Answer
a. $t=1.5$ sec.
b. $v\lt0$ during $0\leq t\lt 1.5$ sec, $v\gt0$ during $1.5\lt t\leq5$ sec,
c. $t=1.5$ sec.
d. $|v|$ increasing during $1.5\lt t\leq 5$ sec, $|v|$ decreasing during $0\leq t\lt 1.5$ sec,
e. $|v|=7$ at $t=5$ sec, $|v|=0$ at $t=1.5$ sec.
f. $12$ at $t=5$ sec.
Work Step by Step
Given $s(t)=t^2-3t+2$, $0\leq t\leq 5$, we have $v(t)=2t-3$, $a(t)=2$, and we can graph the functions as shown in the figure.
a. The object will be momentarily at rest when its velocity is zero. With $v(t)=0$, we have $t=1.5$ sec.

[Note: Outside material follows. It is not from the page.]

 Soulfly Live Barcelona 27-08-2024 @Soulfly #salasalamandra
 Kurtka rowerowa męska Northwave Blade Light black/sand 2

b. It moves left ($v\lt0$) during $0\leq t\lt 1.5$ sec, and it moves right ($v\gt0$) during $1.5\lt t\leq5$ sec,
c. It changes direction when its velocity crosses with the x-axis, so we have $t=1.5$ sec.
d. It speed up ($|v|$ increasing) during $1.5\lt t\leq 5$ sec, and it slows down ($|v|$ decreasing) during $0\leq t\lt 1.5$ sec,
e. It is moving fastest (highest speed $|v|=7$) at the end $t=5$ sec, and it is moving slowest ($|v|=0$) at $t=1.5$ sec.
f. It is farthest from the axis origin $12$ at $t=5$ sec.